The Farish Fund is a private foundation established and managed by one of the leading families in Thoroughbred racing. Former United States Ambassador to the Court of St. James, the Hon. William S. Farish, is a key member of the Fund, and his aunt, the late Martha Gerry, was the Museum’s Board Chairman.
"We hope the American Thoroughbred industry understands and appreciates that the Museum and Hall of Fame are here to serve and promote the entire industry, not just one region," Thayer said. "For example, the recent Hall of Fame induction class honored the Kentucky-bred filly Silverbulletday, the California-bred colt Tiznow, New York-based jockey Eddie Maple, California-based trainer Bob Baffert, along with trainer Janet Elliot and English Grand National winner Ben Nevis II from the steeplechase community associated with Maryland, Pennsylvania, Virginia and South Carolina.

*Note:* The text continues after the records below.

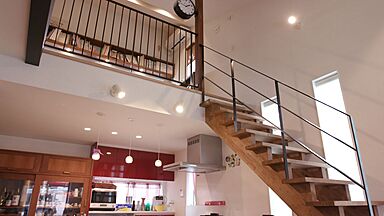 【悠悠ホーム | 健康、快適、長寿命の家】の施工事例「アイアン手すりのリビング階段/コンセプトはこだわりを詰め込んだ宝石箱のような家」の画像2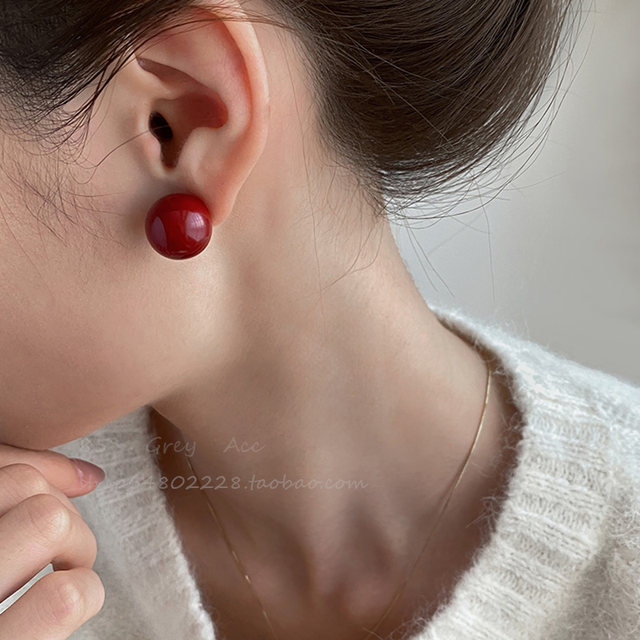 Angra Red Doudou Pearl Earrings Female Retro Port Atmospheric Genuine Ear Light Light Luxury Ear Passing Tremella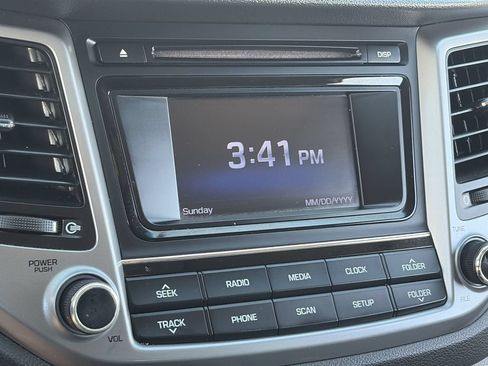 Used 2018 Hyundai Tucson SE FWD image 24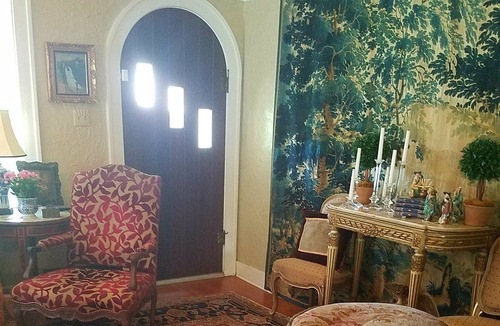Heights Cottage | Like a Parisian apt.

"Similarly, the permanent collection and special exhibitions presented by the Museum touch the whole of American racing of past and present."
The current endowment of approximately $3 million will serve as the base for the drive, which will reach out to owners, breeders, racetracks, fans, and the many other segments of the multi-faceted Thoroughbred racing and breeding industries.

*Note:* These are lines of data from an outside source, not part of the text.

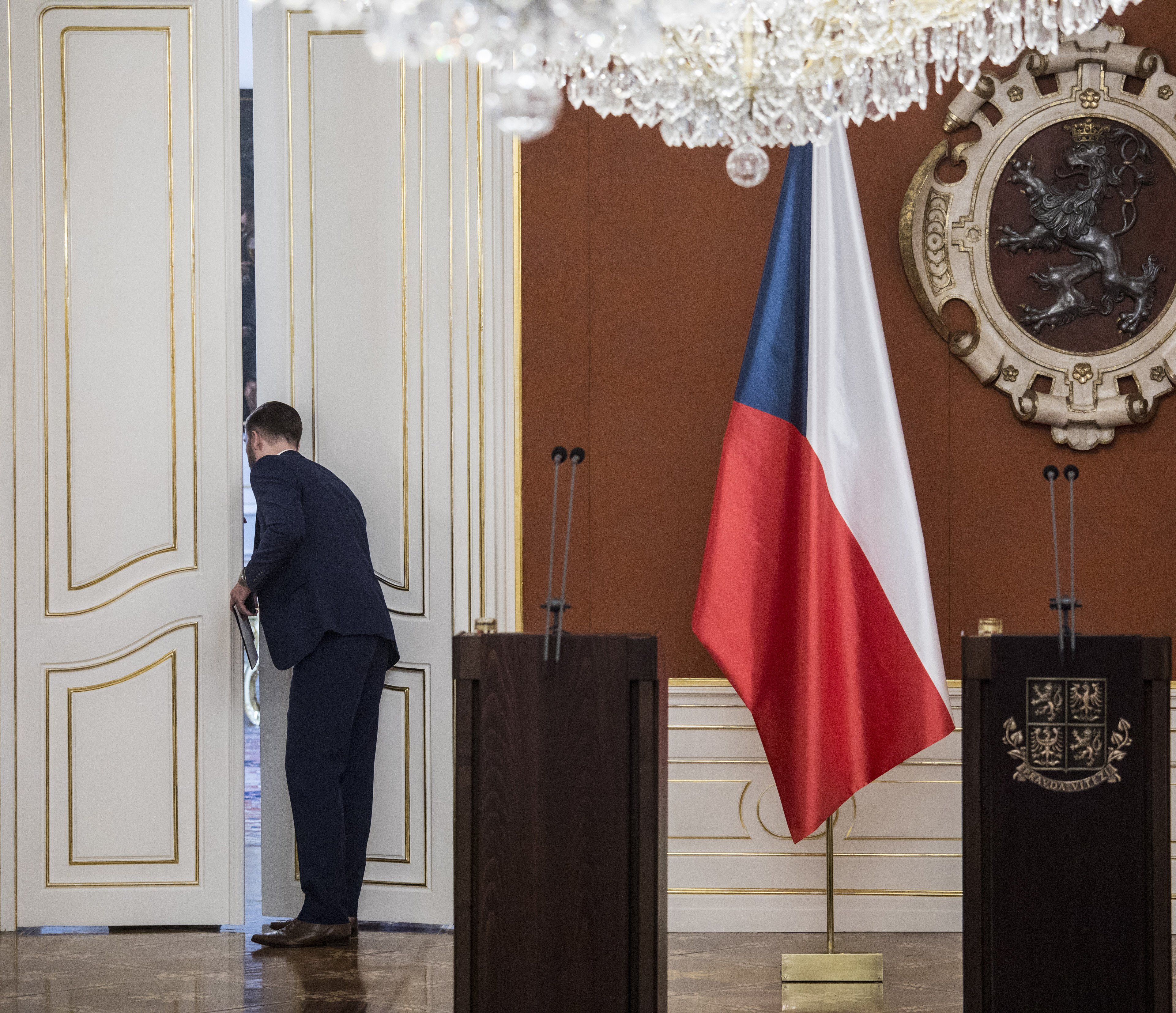 Pět návštěv u Zemanova lůžka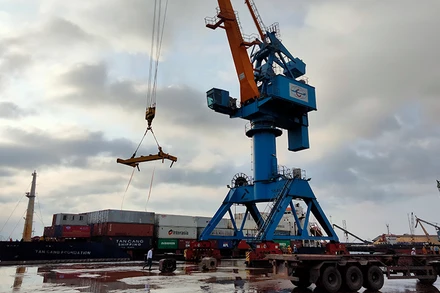 Cảng quốc tế Lào - Việt đón chuyến tàu container đầu tiên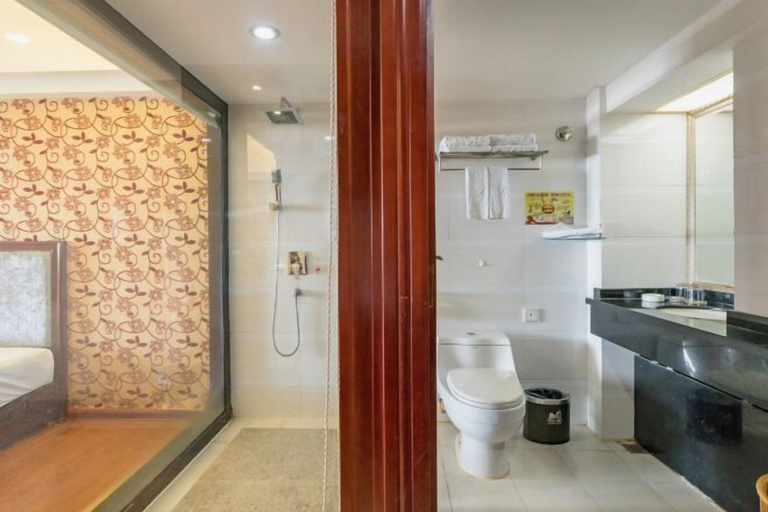 Bathroom 3, Ling Nan International Hotel, Guilin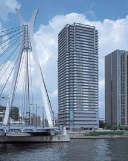 「リバーシティ21新川」外観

"There are many important and vigorous organizations in this broad industry," Museum Director Joe Aulisi said, "but I believe the National Museum of Racing and Hall of Fame is unique in its specific role on behalf of all those components. I hope the fact we have been around for more than a half-century is not taken for granted by the industry. It is also my hope that all organizations involved in Thoroughbred racing will support this fundraising endeavor to ensure we are always here on their behalf."